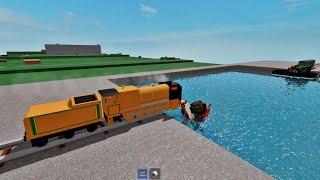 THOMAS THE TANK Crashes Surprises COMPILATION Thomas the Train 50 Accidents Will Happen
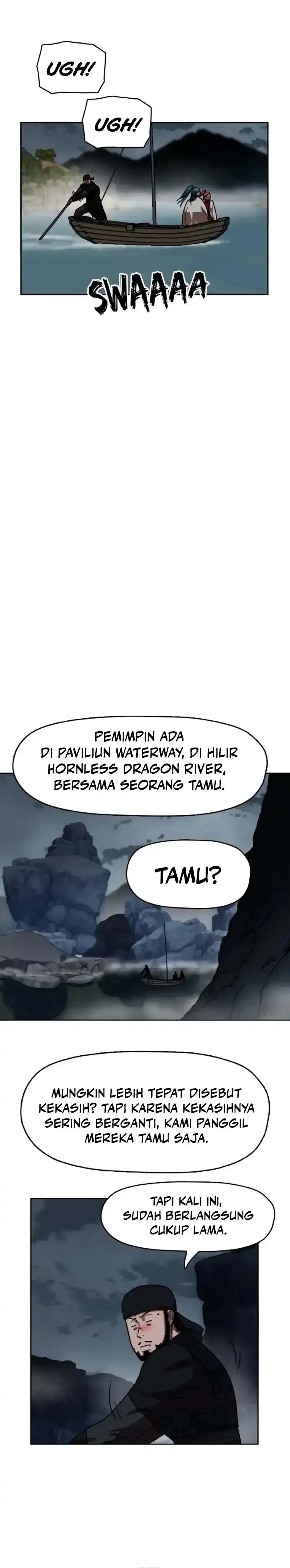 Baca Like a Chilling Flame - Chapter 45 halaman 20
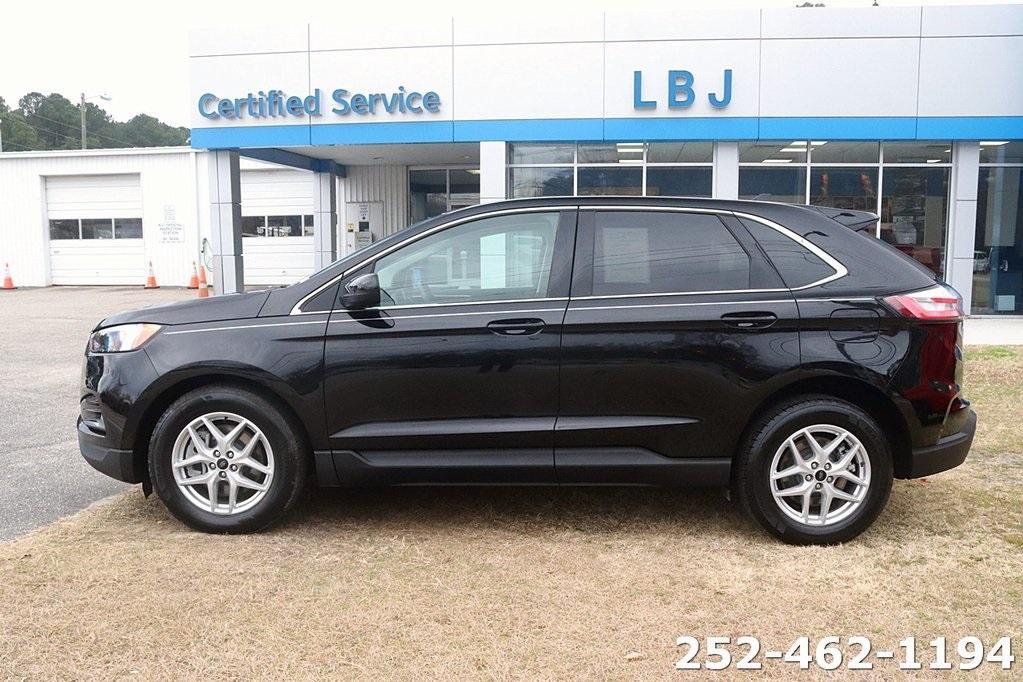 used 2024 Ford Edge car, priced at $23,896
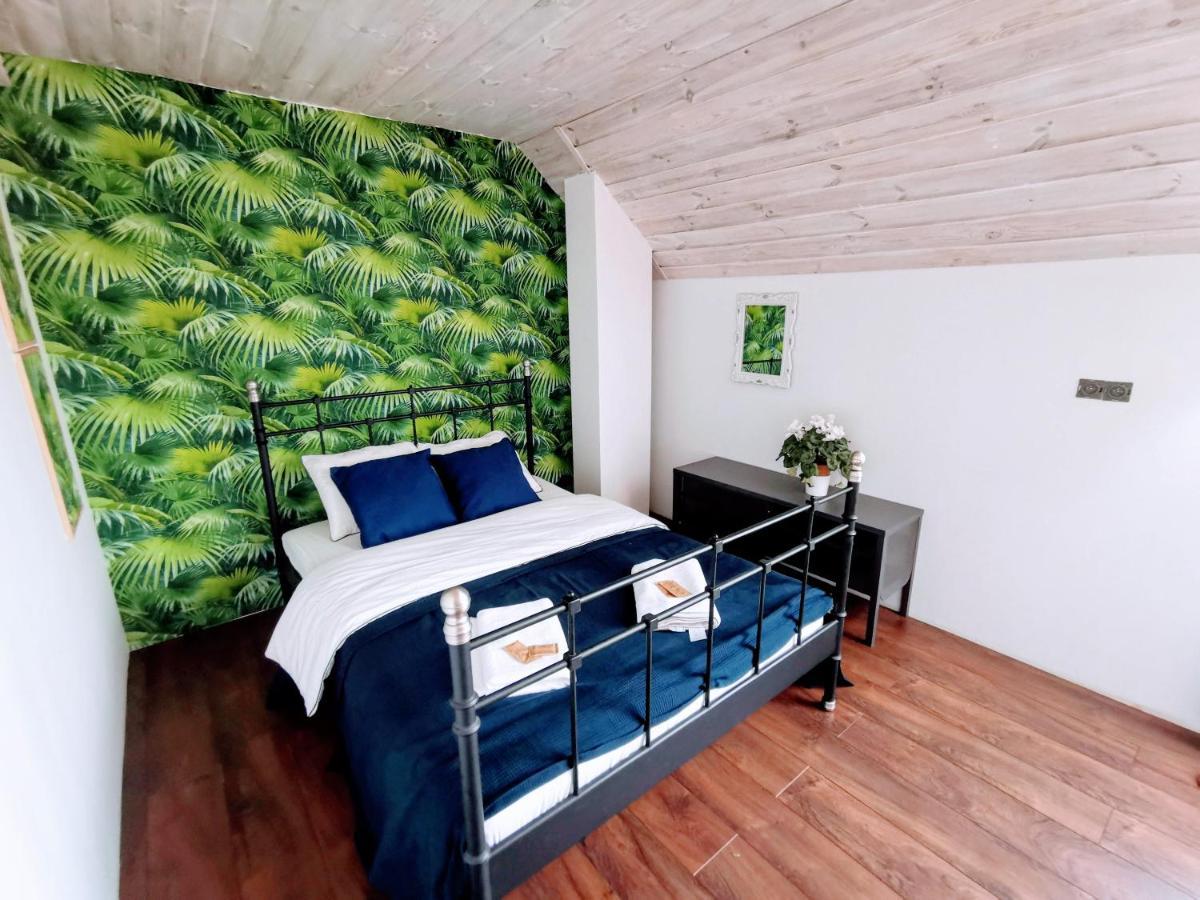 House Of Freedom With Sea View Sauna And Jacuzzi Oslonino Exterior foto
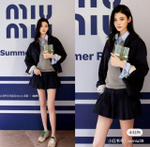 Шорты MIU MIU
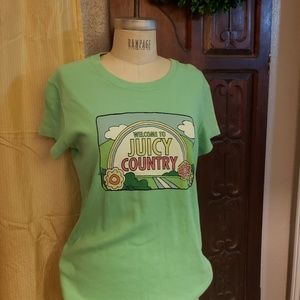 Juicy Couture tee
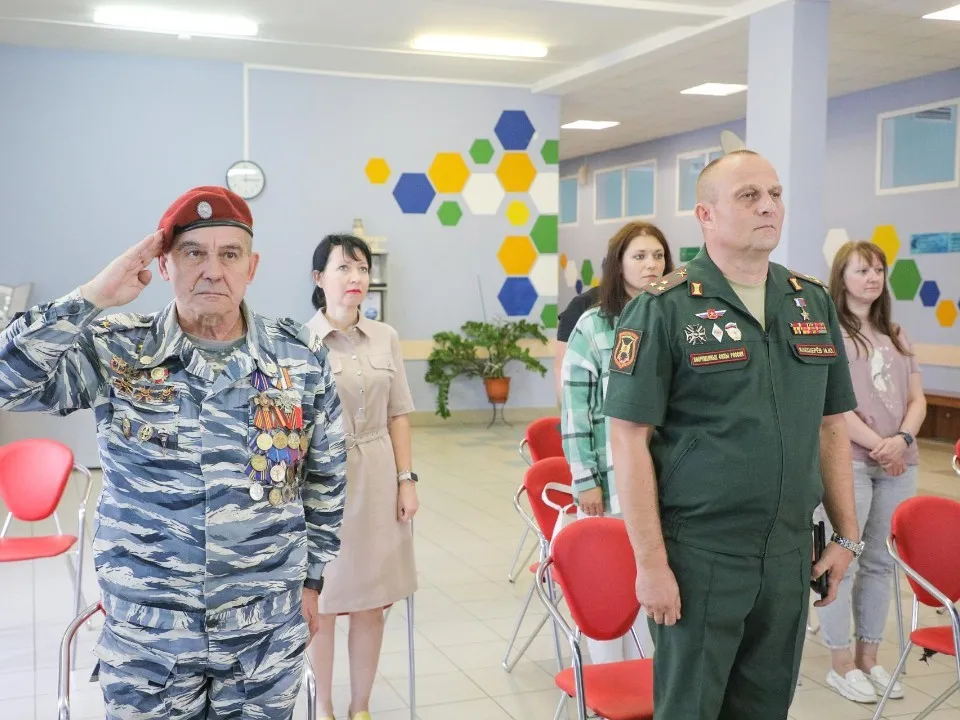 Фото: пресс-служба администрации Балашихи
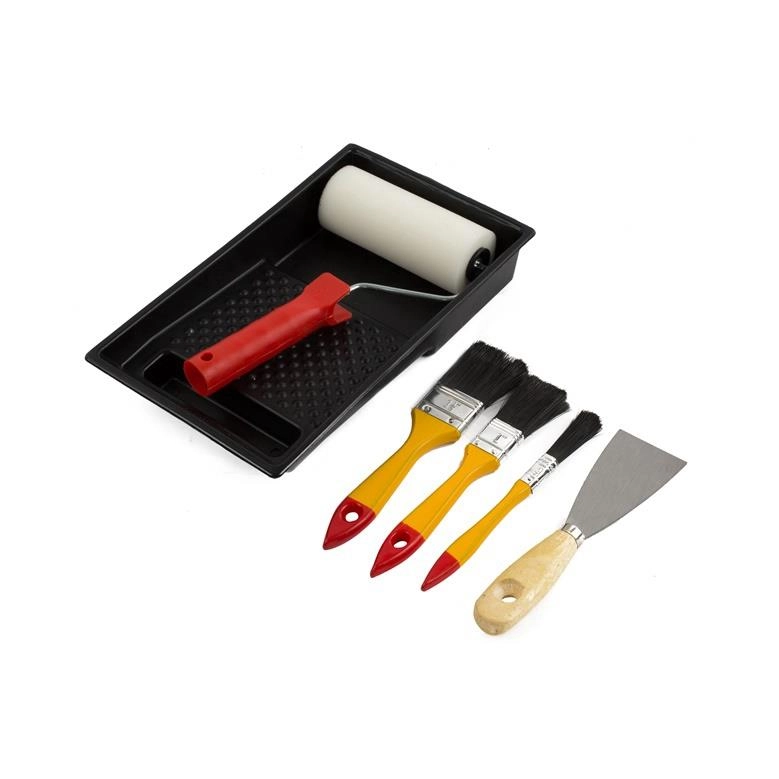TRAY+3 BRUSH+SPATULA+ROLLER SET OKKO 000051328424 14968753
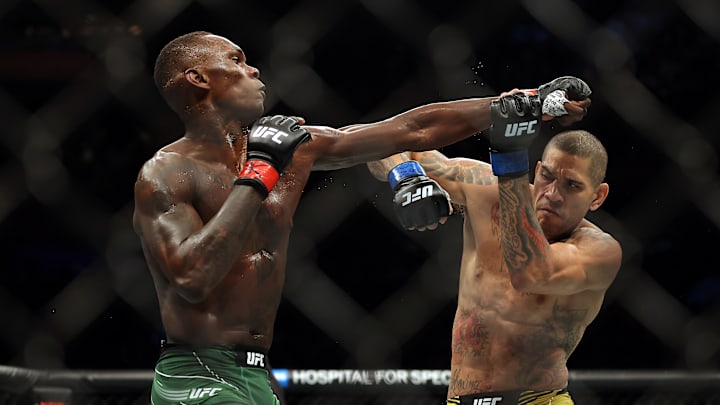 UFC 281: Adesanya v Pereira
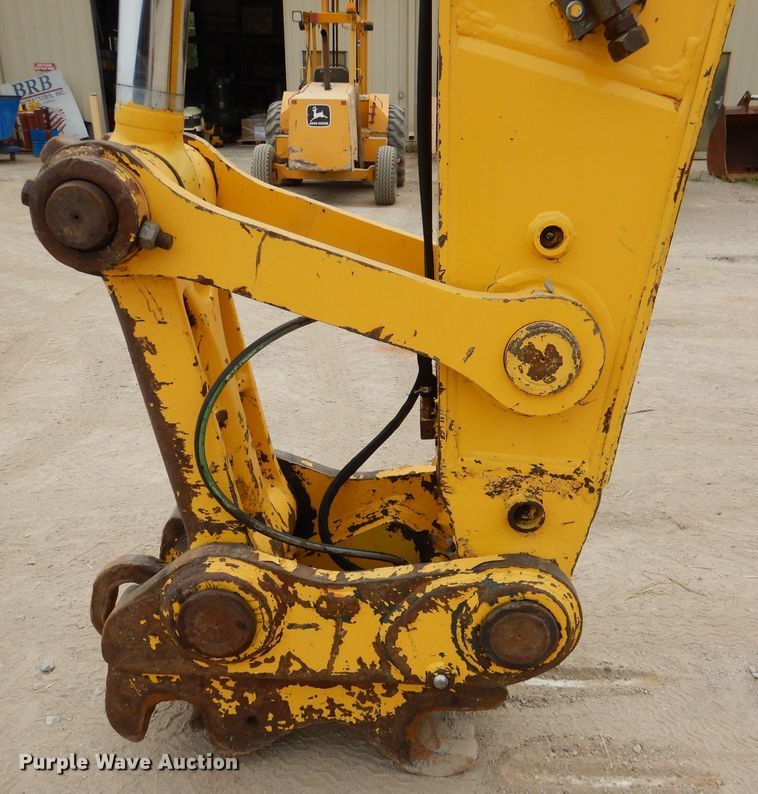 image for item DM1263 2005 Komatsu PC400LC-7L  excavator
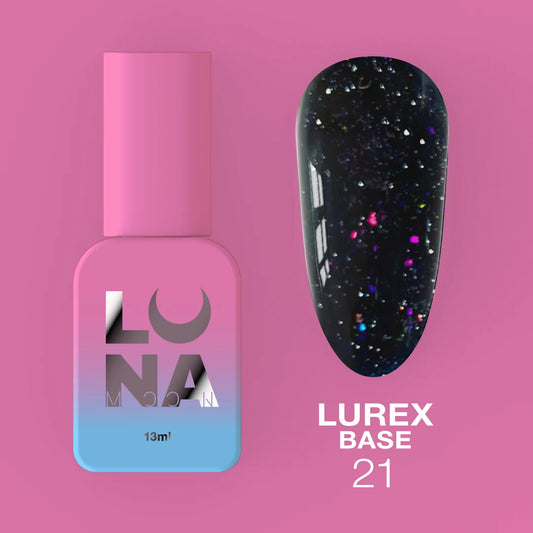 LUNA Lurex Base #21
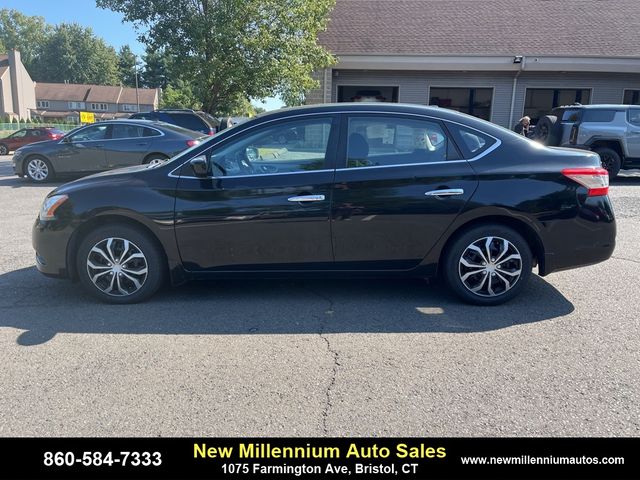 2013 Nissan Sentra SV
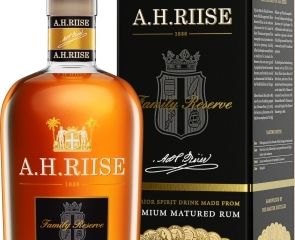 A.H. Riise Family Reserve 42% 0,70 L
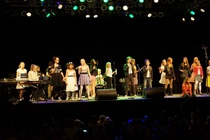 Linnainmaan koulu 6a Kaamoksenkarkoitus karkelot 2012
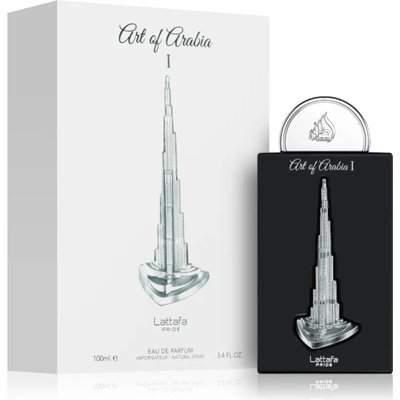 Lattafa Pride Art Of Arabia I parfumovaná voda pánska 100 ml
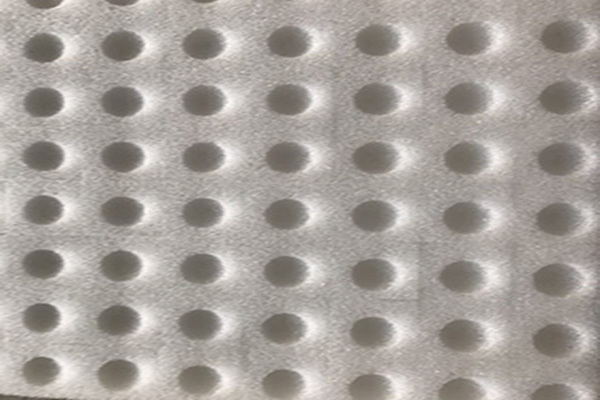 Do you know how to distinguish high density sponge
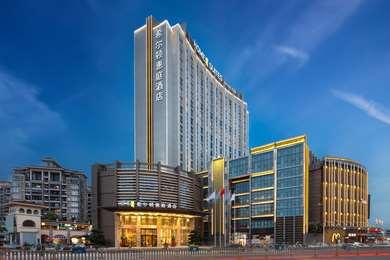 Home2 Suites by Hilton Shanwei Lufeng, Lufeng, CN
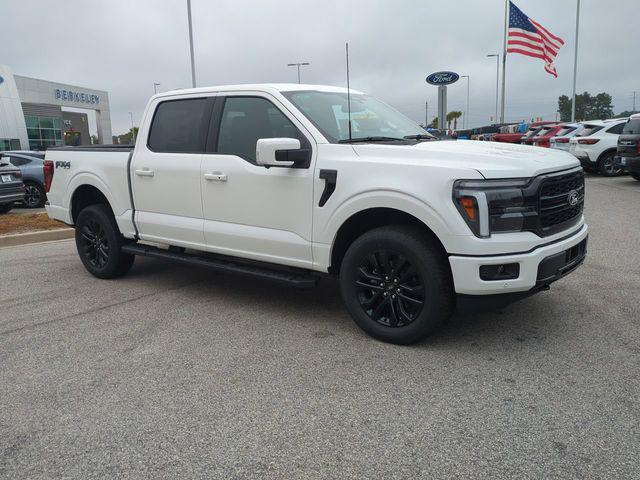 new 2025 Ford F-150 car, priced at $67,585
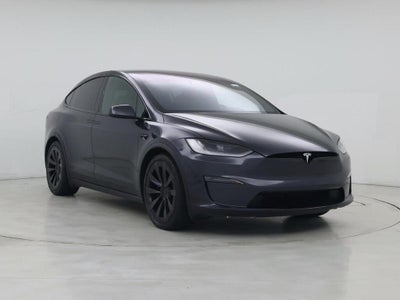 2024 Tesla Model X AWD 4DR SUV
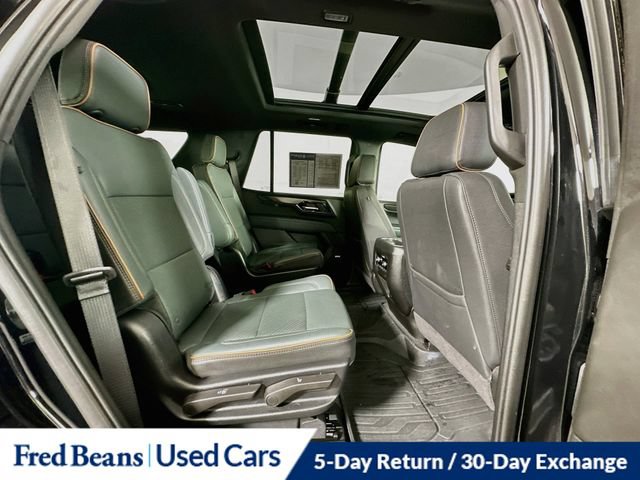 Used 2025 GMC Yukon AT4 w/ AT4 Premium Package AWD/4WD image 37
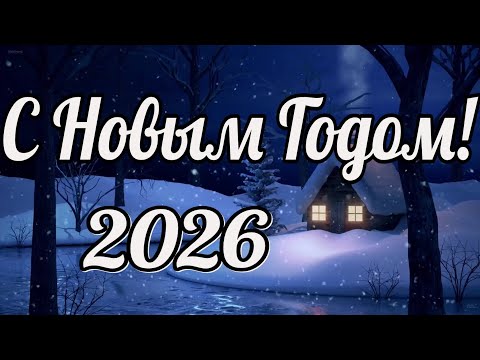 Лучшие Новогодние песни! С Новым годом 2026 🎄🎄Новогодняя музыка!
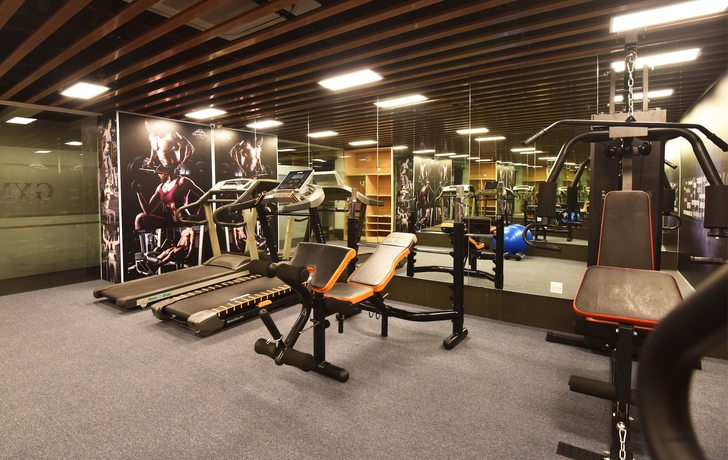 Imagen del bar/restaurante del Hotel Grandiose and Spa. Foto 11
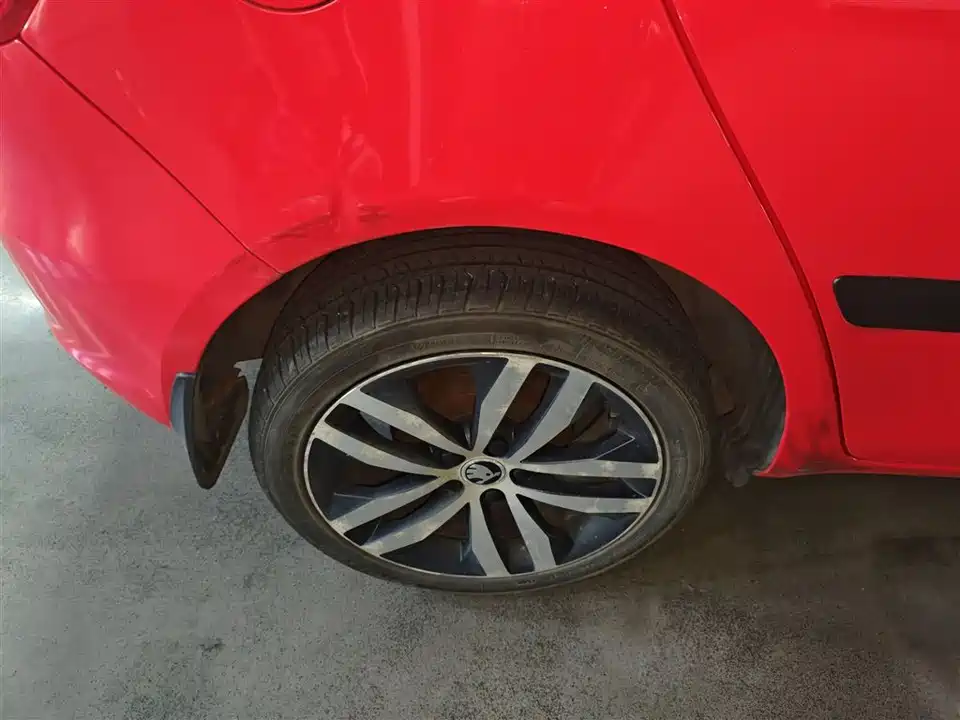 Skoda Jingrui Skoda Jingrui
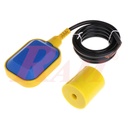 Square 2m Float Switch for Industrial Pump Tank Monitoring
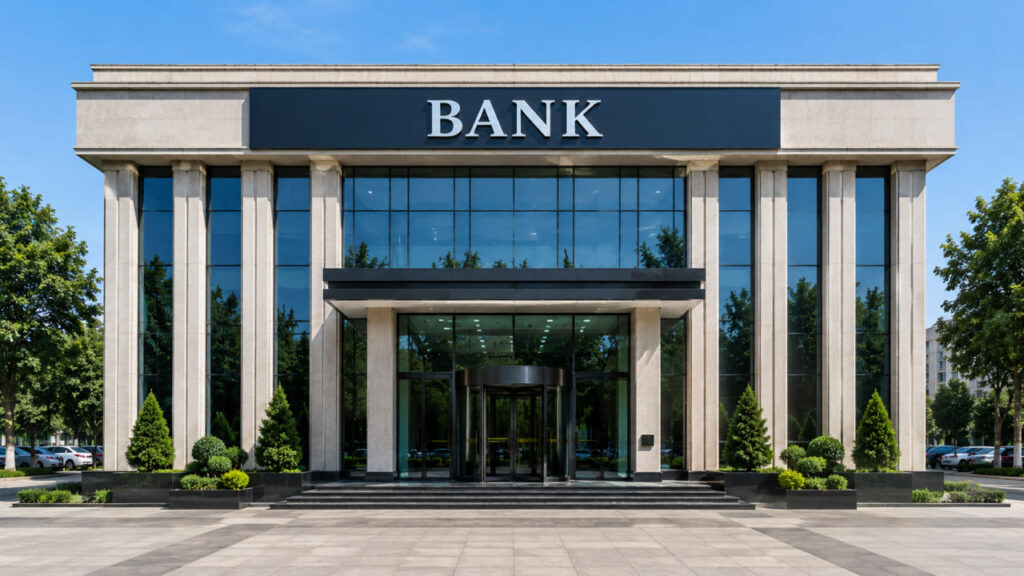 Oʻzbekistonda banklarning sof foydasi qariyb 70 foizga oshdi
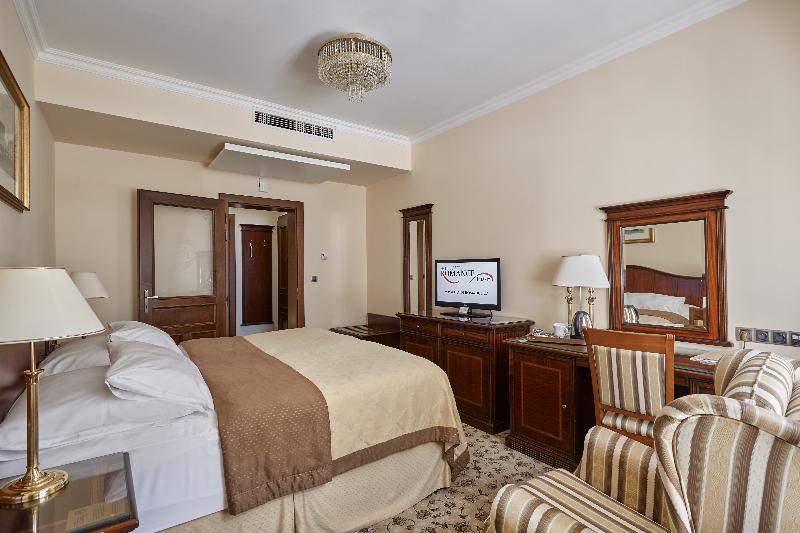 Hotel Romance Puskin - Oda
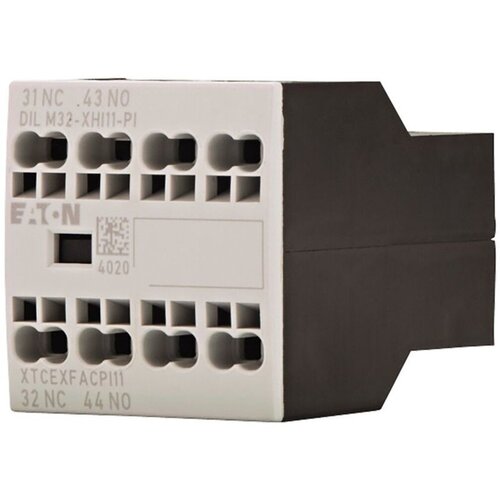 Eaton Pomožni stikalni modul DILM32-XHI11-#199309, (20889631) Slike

-=-=-

▶ _Task item_:
Taking the material above, give again exactly the lines from the one holding "new 2025 Ford F-150 car, priced at $67,585" through the one holding "Square 2m Float", with both ends and without pictures.

▶ _Written answer_:
 new 2025 Ford F-150 car, priced at $67,585
 2024 Tesla Model X AWD 4DR SUV
 Used 2025 GMC Yukon AT4 w/ AT4 Premium Package AWD/4WD image 37
 Лучшие Новогодние песни! С Новым годом 2026 🎄🎄Новогодняя музыка!
 Imagen del bar/restaurante del Hotel Grandiose and Spa. Foto 11
 Skoda Jingrui Skoda Jingrui
 Square 2m Float Switch for Industrial Pump Tank Monitoring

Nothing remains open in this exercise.